To explore the current state of entrepreneurship education in Australia, and the distinctive approach of UTS, IEU’s Entrepreneurship Education Manager, Maya Marcus, discussed the research findings with Dr Martin Bliemel from UTS Faculty of Transdisciplinary Innovation, and co-author of the paper: Boom or bust? Embedding entrepreneurship in education in Australia.
Q: Broadly, what’s the current state of entrepreneurship education across universities in Australia.
A: In Australia, every university has an entrepreneurship program, some of them are on a smaller scale while others are larger scale, but every university recognises that there should be some offering for students to support them to become more entrepreneurial. Entrepreneurship isn’t a particularly important priority for most universities but for some universities, such as UTS, it’s a really important factor.
Q: What do you think it will take to have a cultural shift where students arrive at university with the expectation to gain skills in entrepreneurship?
A: I think it’s happening now. We see it with the high school graduates who are coming to UTS whose parents are recognising ‘I’ve had a pretty good job until now but even my job is on the line, so why don’t you go to university and get a core degree but also get something that distinguishes you?’. Now, we recognise that traditional career pathways work if you’re in a relatively stable area of employment, but a lot of areas of employment are being disrupted and so we need people to develop entrepreneurial attitude, to think innovatively, creatively, and pull together resources to make things happen that didn’t exist two years ago.
Q: What are some of the opportunities you’ve identified in Australian entrepreneurship education?
A: Australian students are known for their ‘gap year’ and willingness to travel. If you pair that with entrepreneurship education, then you get some exciting opportunities for Australian students to get entrepreneurial experience overseas, including hackathons and startup internships. When they return to finish their degree, that international perspective and those international connections ultimately make the economy and their startup ideas more robust.
Q: How well understood is entrepreneurship education? Is it just for people who want to be self-employed or start their own business? Or is it also recognised as a highly valuable as a mindset and range of skills for any career path?
A: The rankings don’t quite pick up on it but there are kind of two flavours of entrepreneurship programs. One is the specialisation like [UTS’] MBA in Entrepreneurship or the Honours in Entrepreneurship where the entire program is entrepreneurship. The other flavour is that you’ve got entrepreneurship content that adds value to a core degree, this reflects the university-wide imperative to encourage students to develop these entrepreneurial capabilities – It’s one thing to say you can be the world’s best engineer, scientist, computer scientist, lawyer, but you also need to understand the commercial context in which you’re doing your profession. So, the more you’re able to think entrepreneurially, the more you’ll be standing out amongst your direct peers. That layer of thinking entrepreneurially is something that UTS in particular is taking seriously. We don’t want to create entrepreneurs for entrepreneurship sake; we’d like all students to understand that there are a lot of benefits in terms of how you can create value. That will make you a more valuable employee, or will make you a more valuable employer - there are many benefits if you have that value creation mindset.
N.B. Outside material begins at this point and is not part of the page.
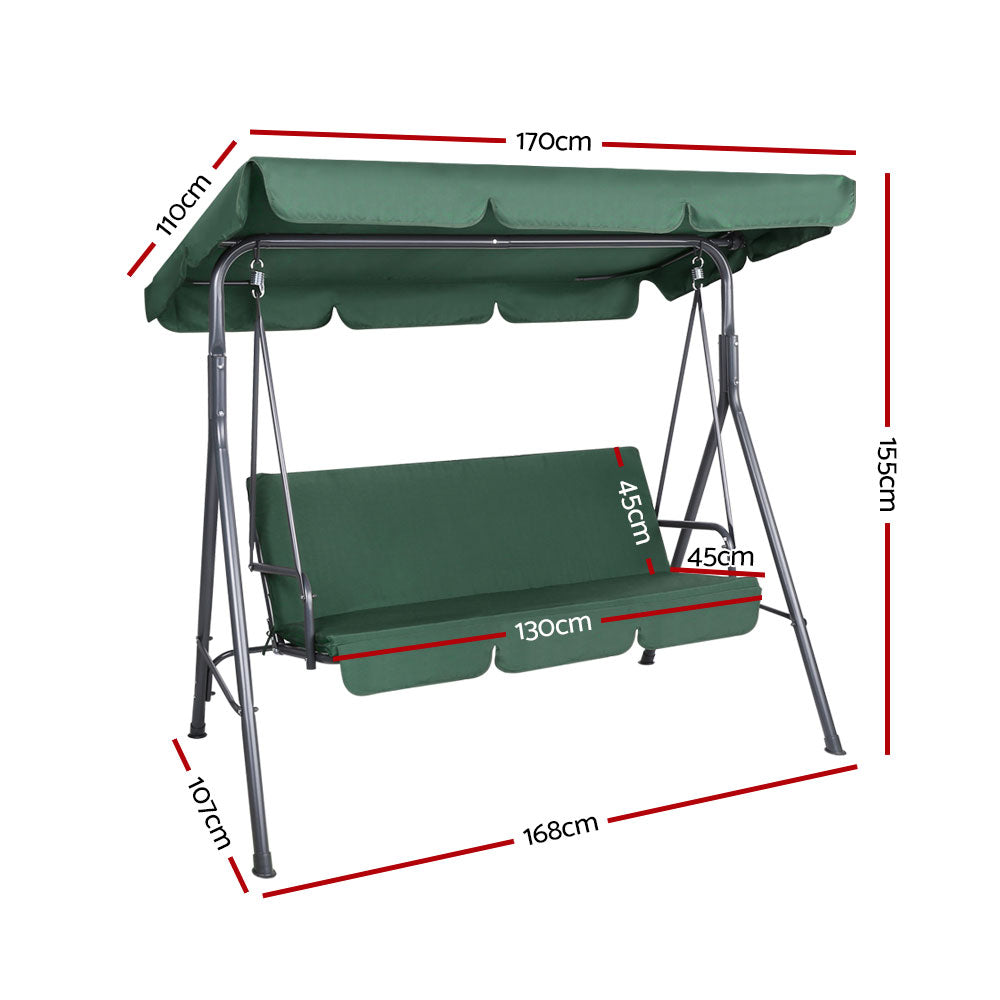 Gardeon Outdoor Swing Chair Garden Bench Furniture Canopy 3 Seater Green Chez Guru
Q: UTS has climbed to number two in your studies ranking from nine in 2015. What is it about the UTS approach that is reflecting that rise?
A: Part of the growth of UTS, and the rise in rankings, is the sheer numbers we’re seeing. There are a huge number of electives that are directly or indirectly related to entrepreneurship. Similarly, we’ve seen a rise in the programs specifically dedicated to entrepreneurship. The MBAe and the Diploma in Innovation was not picked up in the 2015 rankings, and then there is the brand-new Bachelor of Entrepreneurship (Honours) in addition to all the electives and sub-majors that we’ve created as part of the Faculty of Transdisciplinary Innovation. Interestingly, we have seen a surge in co-curricular options across all Australian universities, including new incubators and accelerators. However, those were largely outside the scope of the study, which focussed more on for-credit options.
In that regards, UTS took a slightly different approach with the launch of UTS Startups just over a year ago. At UTS, we acknowledged that we already have incubators and accelerators – dozens of them actually – right here in the city and we should run programs that connect students to the most appropriate one, rather than replicate these initiatives. We have startups in fintech, edtech, foodtech – we can’t service all those verticals and sectors in one university, so instead we can connect students to the most appropriate. That connection outside the university ecosystem is tremendously important.
Q: How would you frame the scalability of this approach with UTS Startups?
A: With UTS Startups, what I’ve seen is the program is unwinding the selective cohort model (the university-based accelerator). If you have an application process where you get 200 students to apply and only take ten students through a very dedicated cohort, then you only reach ten students. That’s not scalable. We need to focus more on the front end of that funnel, and look at where are we going to reach thousands of students through workshops, through events, online modules, etc. to give them that really short exposures to entrepreneurship. That’s how you get scale. We can always guide them towards smaller, very specific cohort opportunities later.